Auto companies have passed on the increase in excise duty to the customers. Still auto majors have gained in stock markets. Well, possible reason could be increase in disposable income of consumers with significant relief on personal taxation. It would be important to consider two more aspects typical to the Indian auto market. Many car buyers in India are first time buyers. Since, FM has not fully rolled back excise duty benefits provided under stimulus package, price hike may not be significant enough to change minds of first time car buyers. Indian auto market is largely driven by credit market and increase in EMI may not be significant given the modest rise in excise duty.
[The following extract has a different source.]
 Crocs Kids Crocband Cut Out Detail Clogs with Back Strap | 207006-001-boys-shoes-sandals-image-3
Thus, significant relief on personal taxation front could possibly outweigh negative factors. In addition, the excise duty rollback is only one third of the total cut (6 per cent) doled out through the stimulus package. Hence, this partial rollback was factored in. There were no further negative surprises in the budget. This may be reason for positive sentiments in stock market.

It would be important to touch upon other significant budget proposals relevant for auto sector. While corporate income tax rates remain unchanged, reduction of surcharge on domestic companies from 10 to 7.5 per cent would lessen the tax burden. However, Minimum Alternate Tax (MAT) increases from 15 to 18 per cent, offsetting the benefit due to reduction in surcharge.
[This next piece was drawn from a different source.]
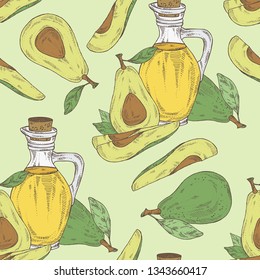 Seamless pattern with avocado and bottle of avocado oil. Vector hand drawn illustration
One of the budget proposals enhances weighted deduction for eligible companies having an approved in-house R&D unit from 150 to 200 per cent of the expenditure incurred. This would stimulate additional investment in R&D activity paving way for innovation. With the growing trend towards providing advanced driver assistance features, safety and comfort features in vehicles, continuous innovation and adoption of new systems will be vital to retain competitiveness in the automotive industry. Certain companies were required to call back large number of vehicles in recent past due to technology issues. This tax measure could possibly work as a fillip to increase focus on R&D in long term resulting in better technology products.

This budget has also put to rest the anomaly regarding computation of export profits leading to dilution of tax holiday for units in Special
Economic Zones, retrospectively with effect from 1 April 2006. However, there has been no extension of tax holiday for export oriented units which could have possibly been a relief for small auto units with export focus.

It has been clarified that income from technical services rendered by a non resident would be deemed to accrue or arise in India whether or not services are rendered in or outside India or non-resident has a place of business or business connection in India.

Increased allocation for infrastructure and agriculture sectors would propel demand for commercial vehicles and tractors. Further, additional employment opportunities and growth in rural economy would also fuel auto growth.

FM has also restated his commitment to implement GST and DTC from 1 April 2011, which provides some amount of certainty about structural changes in pipeline. One can look forward to a simple, transparent and easy indirect tax regime under GST.

While immediate reaction from stock markets is positive for auto sector, which may be due to only partial rollback of stimulus package and relief in personal taxation, it needs to be seen that whether the party continues for auto makers or whether the fantastic growth rate before the budget announcement was triggered by fears of increase in auto prices due to rollback of stimulus package.